Opinion
3:11 CR 00034-1
12-10-2012
Judge Marvin E. Aspen
MEMORANDUM OPINION AND ORDER
On May 11, 2012, a jury found David Miller guilty of two counts of making false statements to a bank in violation of 18 U.S.C. § 1014 and two counts of aggravated identity theft in violation of 18 U.S.C. § 1028A(a)(1). On November 19, 2012, we held a hearing to address both the Government's request for forfeiture as well as Miller's objections to the sentencing guideline calculations contained in the Presentence Report and advanced by the Government. At the conclusion of that hearing, we sentenced Miller to a total term of forty-five months imprisonment and imposed a total term of supervised release of two years. (Am. Judgment, Dkt. No. 124.) This opinion supplements the oral findings expressed at the sentencing hearing and elaborates the court's reasoning. The background of the charge has been articulated in previous orders and will not be repeated here.
ANALYSIS
A. Objection No. 1: Amount of Loss Calculation
The Sentencing Guidelines authorize an increase in a defendant's base offense level based on the amount of the loss at issue. U.S.S.G. § 2B1.1. This calculation may include either the actual or intended loss, whichever is greater. Id., Applic. Note 3(A). Actual loss includes "the reasonably foreseeable pecuniary harm that resulted from the offense." Id., Applic. Note 3(A)(i). Intended loss refers to "the pecuniary harm that was intended to result from the offense" and also includes any such harm "that would have been impossible or unlikely to occur." Id., Applic. Note 3(A)(ii). When evaluating the amount of loss, we must exclude certain items and offer the defendant credit for others. Specifically, and as relevant here, we reduce the loss amount by any "money returned . . . by the defendant or persons acting jointly with the defendant, to the victim, before the offense was detected." Id., Applic. Note 3(E)(I).
We must "determine the amount of loss by a preponderance of the evidence" and our findings will not be disturbed "unless they are clearly erroneous." U.S. v. Rothwell, 387 F.3d 579, 582 (6th Cir. 2005).

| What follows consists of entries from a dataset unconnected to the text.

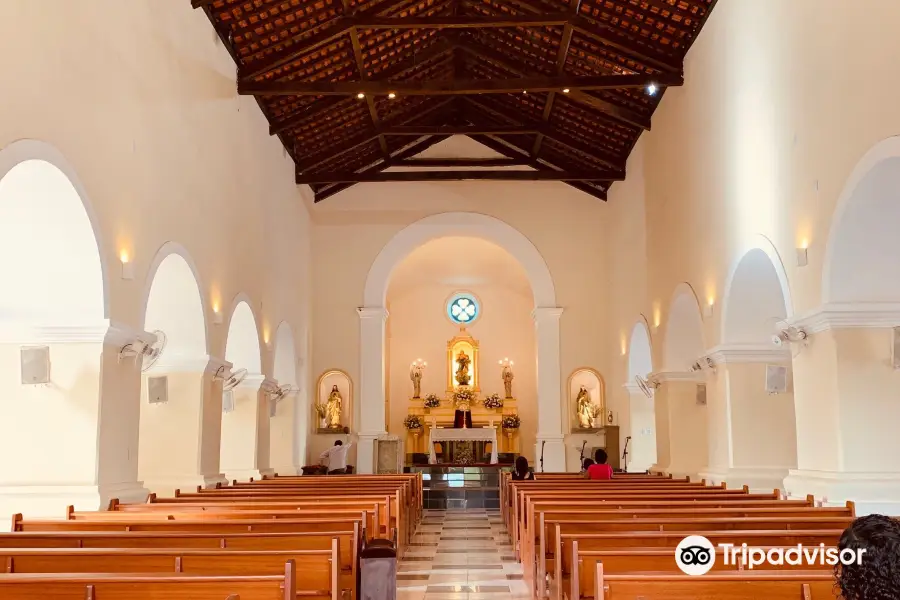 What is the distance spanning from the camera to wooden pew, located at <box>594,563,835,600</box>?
11.8 ft

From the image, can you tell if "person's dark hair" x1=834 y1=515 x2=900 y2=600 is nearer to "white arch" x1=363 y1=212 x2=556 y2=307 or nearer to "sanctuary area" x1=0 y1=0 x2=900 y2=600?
"sanctuary area" x1=0 y1=0 x2=900 y2=600

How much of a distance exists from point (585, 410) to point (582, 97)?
6.83m

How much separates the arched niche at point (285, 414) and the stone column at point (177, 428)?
5.12 m

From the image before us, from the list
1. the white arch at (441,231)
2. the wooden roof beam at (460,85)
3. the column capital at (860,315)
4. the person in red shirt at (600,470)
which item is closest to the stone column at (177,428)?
the wooden roof beam at (460,85)

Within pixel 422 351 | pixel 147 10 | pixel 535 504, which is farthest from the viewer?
pixel 422 351

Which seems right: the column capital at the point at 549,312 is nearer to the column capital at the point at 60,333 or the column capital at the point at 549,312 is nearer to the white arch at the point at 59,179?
the column capital at the point at 60,333

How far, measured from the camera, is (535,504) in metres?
7.46

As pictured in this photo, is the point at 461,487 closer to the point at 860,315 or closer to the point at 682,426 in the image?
the point at 682,426

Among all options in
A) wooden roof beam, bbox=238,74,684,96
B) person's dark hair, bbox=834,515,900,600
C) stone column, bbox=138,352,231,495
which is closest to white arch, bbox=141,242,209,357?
stone column, bbox=138,352,231,495

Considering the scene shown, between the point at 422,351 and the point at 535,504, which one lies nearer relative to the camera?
the point at 535,504

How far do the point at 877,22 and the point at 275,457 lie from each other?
1229cm

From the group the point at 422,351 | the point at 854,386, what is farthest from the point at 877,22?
the point at 422,351

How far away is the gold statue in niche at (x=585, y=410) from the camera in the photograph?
17922 millimetres

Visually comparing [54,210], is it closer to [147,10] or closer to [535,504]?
[147,10] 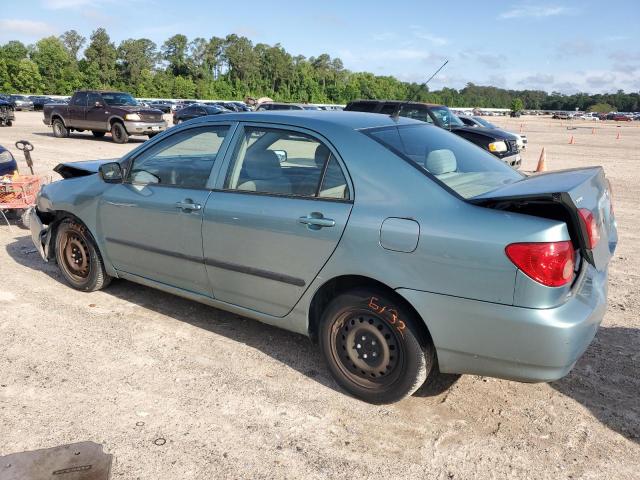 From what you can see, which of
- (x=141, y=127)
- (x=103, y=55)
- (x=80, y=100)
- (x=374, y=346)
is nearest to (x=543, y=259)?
(x=374, y=346)

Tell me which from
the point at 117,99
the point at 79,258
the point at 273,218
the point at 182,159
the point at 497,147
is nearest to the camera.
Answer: the point at 273,218

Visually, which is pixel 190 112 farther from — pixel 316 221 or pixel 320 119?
pixel 316 221

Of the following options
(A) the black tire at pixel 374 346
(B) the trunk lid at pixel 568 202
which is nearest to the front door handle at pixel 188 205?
(A) the black tire at pixel 374 346

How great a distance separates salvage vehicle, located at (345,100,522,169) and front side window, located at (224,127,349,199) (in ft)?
31.1

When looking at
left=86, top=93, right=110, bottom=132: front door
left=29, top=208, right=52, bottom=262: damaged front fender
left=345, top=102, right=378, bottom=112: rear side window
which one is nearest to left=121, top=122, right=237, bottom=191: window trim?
left=29, top=208, right=52, bottom=262: damaged front fender

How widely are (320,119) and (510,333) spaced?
5.74 feet

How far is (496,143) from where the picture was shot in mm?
13109

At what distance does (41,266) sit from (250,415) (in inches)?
144

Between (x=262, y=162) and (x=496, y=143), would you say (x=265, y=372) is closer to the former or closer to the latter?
(x=262, y=162)

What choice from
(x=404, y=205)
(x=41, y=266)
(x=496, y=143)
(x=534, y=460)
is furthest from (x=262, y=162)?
(x=496, y=143)

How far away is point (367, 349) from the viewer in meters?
3.16

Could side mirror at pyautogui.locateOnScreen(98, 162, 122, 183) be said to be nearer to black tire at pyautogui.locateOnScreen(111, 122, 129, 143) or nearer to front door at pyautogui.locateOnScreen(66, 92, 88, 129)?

Our factual determination that the facts warrant "application of a particular guideline provision is purely a legal question," however, and is subject to de novo review. Id. (internal quotation omitted); see also U.S. v. Warshak, 621 F.3d 266, 328-29 (6th Cir. 2010); U.S. v. Triana, 468 F.3d 308, 321 (6th Cir. 2006).
1. Actual Loss
We begin with Miller's challenges to an increase based on actual loss. As described in his written objections and at the November 19, 2012 hearing, Miller contends that this case involves zero actual loss for two reasons. First, Miller asserts that there is no causal connection between the offense conduct and First Bank's loan because the bank did not rely on his alleged false statements. Second, First Bank suffered no loss because the $337,500 loan was eventually repaid in full.
The Government has further claimed that the loan amount could be considered intended loss for purposes of a sentencing enhancement, which Miller also disputes. Because we have concluded that this amount represents an actual loss to First Bank warranting the enhancement, we need not address this alternate argument.
We reject Miller's first argument for the same reasons set forth in our opinion ordering forfeiture of the entire loan amount, also entered today. As explained in the forfeiture order, we conclude that the Government has proved, by a preponderance of the evidence, that First Bank required and relied on the resolution (and multipurpose note and security deed) signed by Miller, which wrongfully asserted that he had the authority to pledge collateral on behalf of Fellowship Investors, LLC ("FI"). In other words: but for Miller's false statements misrepresenting the scope of his authority, First Bank would not have approved the loan. We thus find the actual loss to First Bank in this case totals $337,500.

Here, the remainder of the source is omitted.